The governor of Utah is the head of government of Utah and the commander-in-chief of its military forces. The governor has a duty to enforce state laws as well as the power to either approve or veto bills passed by the Utah Legislature. The governor may also convene the legislature on "extraordinary occasions".

The self-proclaimed State of Deseret, precursor to the organization of the Utah Territory, had only one governor, Brigham Young. Utah Territory had fifteen territorial governors from its organization in 1850 until the formation of the state of Utah in 1896, appointed by the President of the United States. John W. Dawson had the shortest term of only three weeks and Brigham Young, the first territorial governor, had the longest term at seven years.

There have been eighteen governors of the State of Utah, with the longest serving being Cal Rampton, who served three terms from 1965 to 1977. Olene Walker served the shortest term, the remaining 14 months of Mike Leavitt's term upon Leavitt's resignation to become head of the Environmental Protection Agency.
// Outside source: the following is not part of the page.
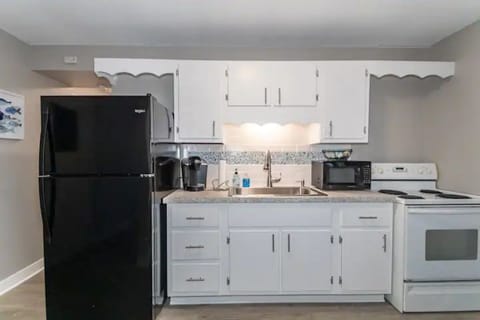 This suite has a full kitchen.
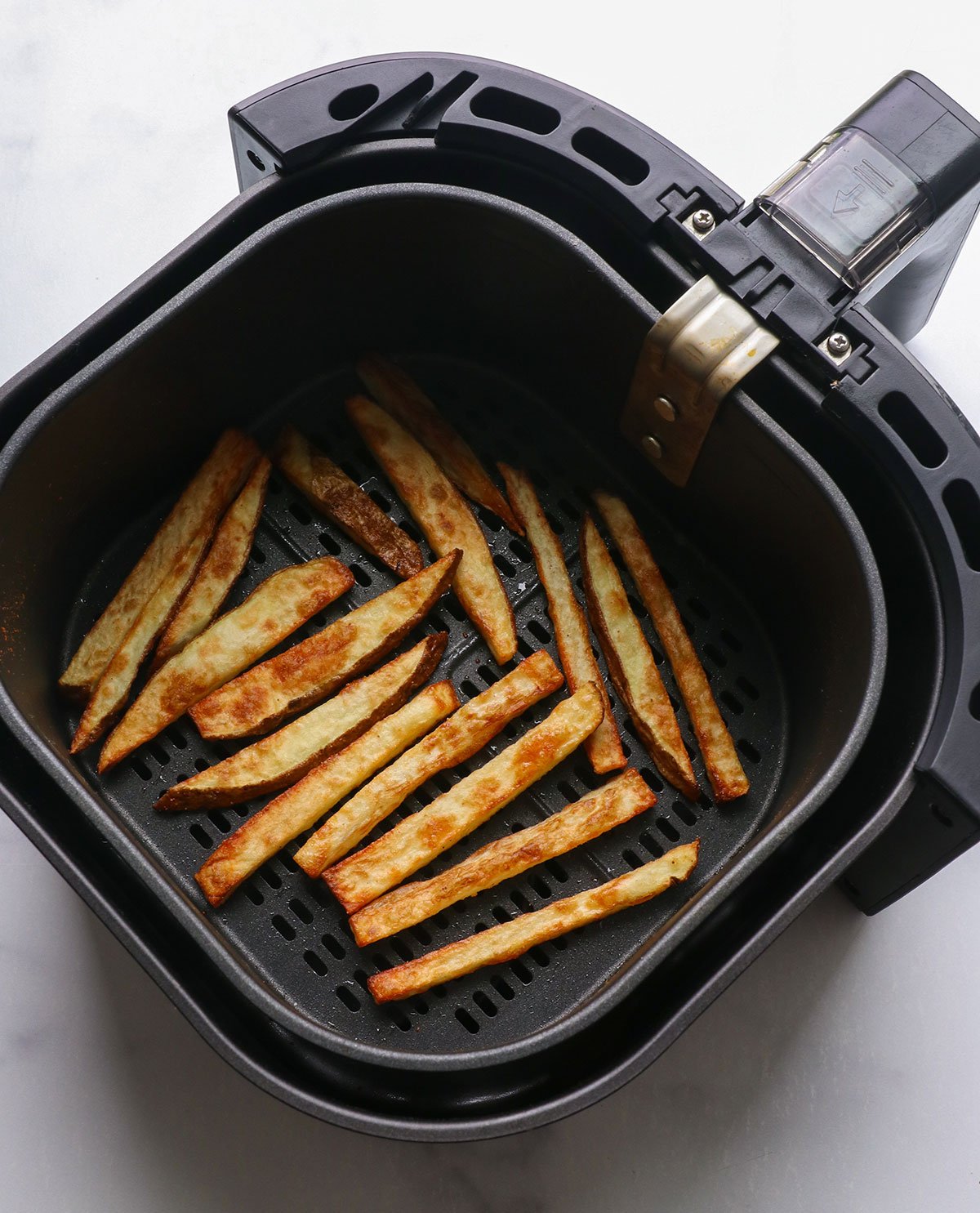 Cooked air fries in a basket.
At the age of 36, Heber Manning Wells was the youngest person to become governor. At the age of 70, Simon Bamberger became the oldest person to be elected, while Olene Walker, at age 72, was the oldest person to succeed to the office.

J. Bracken Lee was the most recent of three Governors of Utah who was not a member of the Church of Jesus Christ of Latter-day Saints (LDS Church), the other two being Simon Bamberger and George Dern.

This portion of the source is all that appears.